I’m glad there is someone else in this world who shares my thoughts 100%…I could always relate to Heather…and she said it better than I could…

I’ll like mentally be thinking. “This is fun…” And everything around me and everyone around me will be in good spirits and such… And I realise I’m TELLING myself that it’s a good time. Everything will be great around me and it really will be a good time… But INSIDE me, I’ll be feeling like shit. And it’s like insult to injury cuz when I get back to my room alone and think more on the “great day”… it’s like I am incapable of enjoying truly good things and good times etc. Things I want to like and miss being capable of enjoying etc.
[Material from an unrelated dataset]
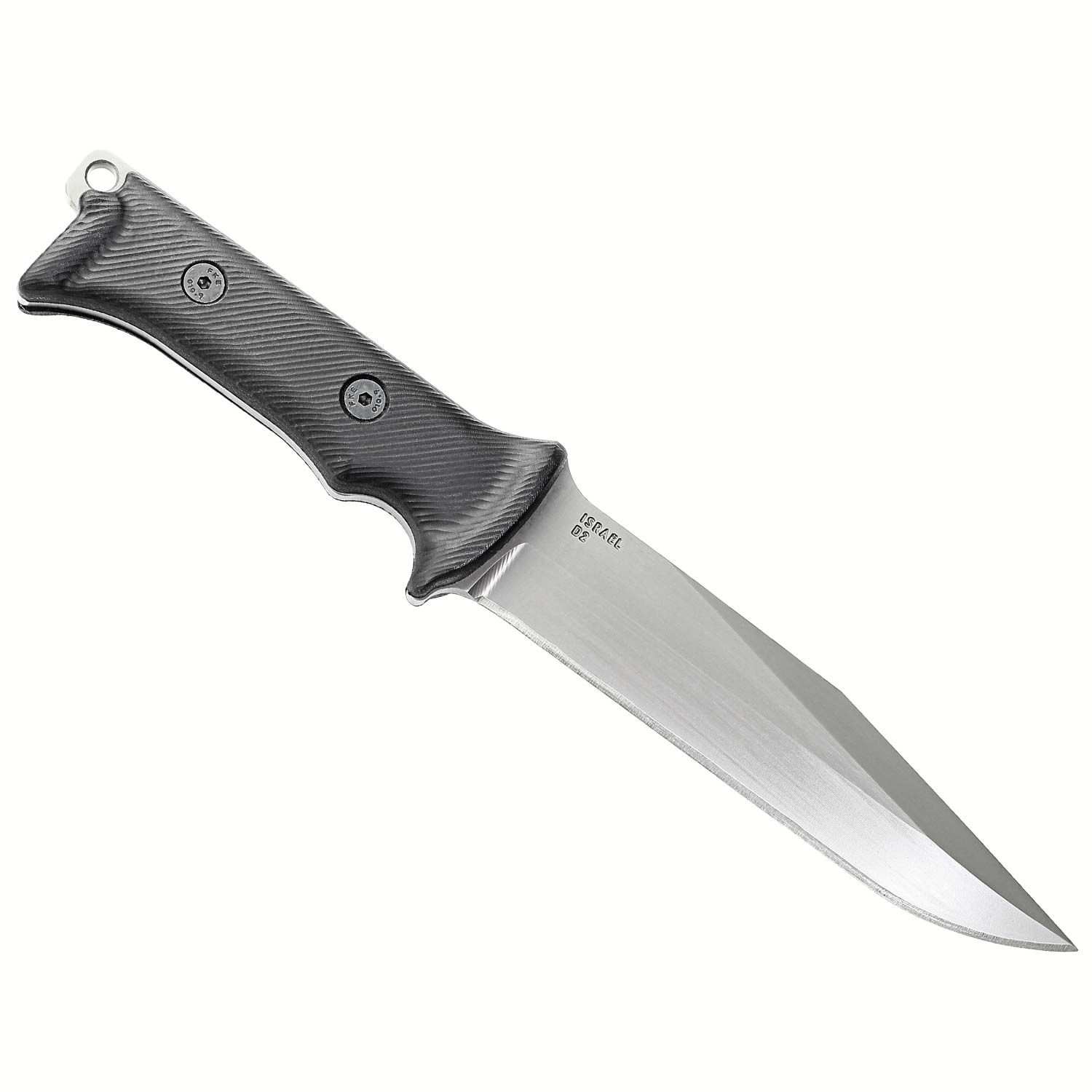 DUSTAR Dimona Fixed Blade Flat Gray D2 Steel 6.5″ Combat Knife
You know you should be happy there and enjoying every second… But you’re not. Because you can’t. Like you’re incapable. You go out and walk around, eat the good food, look at all the beautiful sights and people you KNOW you love… But you can’t FEEL the joy of it. You’re like on the outside looking in… You can see you’re in a place you love doing what you want, seeing what you want… But it’s like you’re not even there. Cuz you’re not enjoying it. You’re just there, THINKING how you want to be enjoying everything. THINKING how you *should* be enjoying everything… but that’s all it is… Just thinking. Not emotionally experiencing, even though you’re physically there… There’s a HUGE detachment and block.